Sitting on this conjecture, Nadia waited for her boss to show up on one of his guaranteed days: Monday, Wednesday or Friday. But when the entire week flew by and he didn’t show up, she figured he was out of state.
She couldn’t call him to ascertain. She wasn’t allowed to call. No spy was allowed to call. No matter how important. He called whenever he was ready.
So she waited.
Wednesday rolled around again, and as Nadia exited the changing room after primping for another night on the job, the shift in the air told her the boss was in for the night. The entire atmosphere felt different whenever that man was in the building: a little ominous, yet a little safer.
Nadia glanced over to the right where her boss’s two grim, hulky guards were blocking off the stairway leading up to the boss’s office.
Before heading over to the guards, she inconspicuously scanned the club for New Girl, her eyes finding her a minute later.
More like a customer than a dancer, she was sitting coolly unconcerned at a high-table, and one of the strippers was giving her a slow, sexy lap dance, while she stuck dollar bills into the stripper’s thong. But New Girl’s eyes weren’t on the stripper. No, they were watching the guards over at the stairway. Hard.
Abruptly, that gaze shifted across the crowd so fast and latched onto Nadia’s, that Nadia stiffened, suddenly intimidated.
Those green eyes, they held something. A threat.
New Girl knew Nadia had been watching her. Hell. She knew.
With her threatening eyes still on Nadia’s, New Girl palmed the stripper’s throat and roughly yanked her head back, then she brought her mouth to the side of the stripper’s neck and licked it, then sucked on it, her other hand drifting up to squeeze the stripper’s breast.
The unexpected effect that viscerally unfurled inside Nadia had her questioning her sexuality. She shouldn’t have been turned on by New Girl. B
ut she was. She bewilderingly was.
Swallowing hard, Nadia resumed her jaunt to the stairway, her steps quicker.
The guards knew her role there so they nodded respectfully when she got up to them, but didn’t give her pass.
“I’ve got word for him,” she told them.
One of the guards, whom she knew as Ronnie, held up a hand in a ‘hang on’ signal then took out his cell and hit a number…

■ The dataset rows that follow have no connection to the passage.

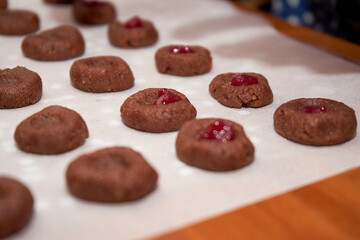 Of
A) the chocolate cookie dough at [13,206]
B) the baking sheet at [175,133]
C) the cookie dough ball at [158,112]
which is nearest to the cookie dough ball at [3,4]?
the baking sheet at [175,133]

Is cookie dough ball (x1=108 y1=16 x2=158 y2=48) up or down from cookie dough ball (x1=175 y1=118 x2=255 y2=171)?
down

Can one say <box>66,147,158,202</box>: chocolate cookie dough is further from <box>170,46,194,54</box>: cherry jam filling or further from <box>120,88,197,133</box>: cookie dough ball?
<box>170,46,194,54</box>: cherry jam filling

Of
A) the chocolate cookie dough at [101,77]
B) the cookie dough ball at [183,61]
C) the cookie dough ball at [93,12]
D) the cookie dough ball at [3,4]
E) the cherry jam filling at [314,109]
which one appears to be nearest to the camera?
the cherry jam filling at [314,109]

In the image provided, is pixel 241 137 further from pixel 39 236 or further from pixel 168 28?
pixel 168 28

“Nadia’s got word, boss…yeah…no…’kay.”
Ronnie hung up and moved aside to grant her pass, and she went ahead and navigated her way to the boss’s office. The door was ajar but she knocked anyway.
“Come, Nadia.”
Nadia went in.
Sitting in his office chair behind his modern glass desk, flipping through a mess of photos scattered across a large manila envelope, the owner was a torturous sight to the female eyes. Too damn good-looking to be doing—whatever it was he did that was so bad he needed bodyguards. She never asked questions. And she knew she was better off not knowing the gore. She just did what was expected of her and collected her lump sum every fortnight.
Tall and lean, the man behind the desk wasn’t packing with muscles, but just enough to fit his body type. Dirty blond hair that didn’t have one particular style to it. Sometimes he trimmed it in a rocker’s style, sometimes he let it grow out in limp, loose waves like a surfer, and sometimes he trimmed it like an Ivy League gentleman. Whichever way he wore that lovely hair, it worked for him. Nadia was sure that, even on his worse day, he looked a lot better than every other man she’d ever come across in her entire life. He was just that undeniably, irresistibly mouth-watering.
With dark eyes and lips that didn’t smile, Nadia often wondered what it would be like to have sex with a man so sexily fierce. With her open body language, she’d made it obvious, loud and clear, that she desired him since the moment he hired her. But the man wasn’t interested. In her or anyone.
Cool and detached, never screwing around, never messing with the dancers.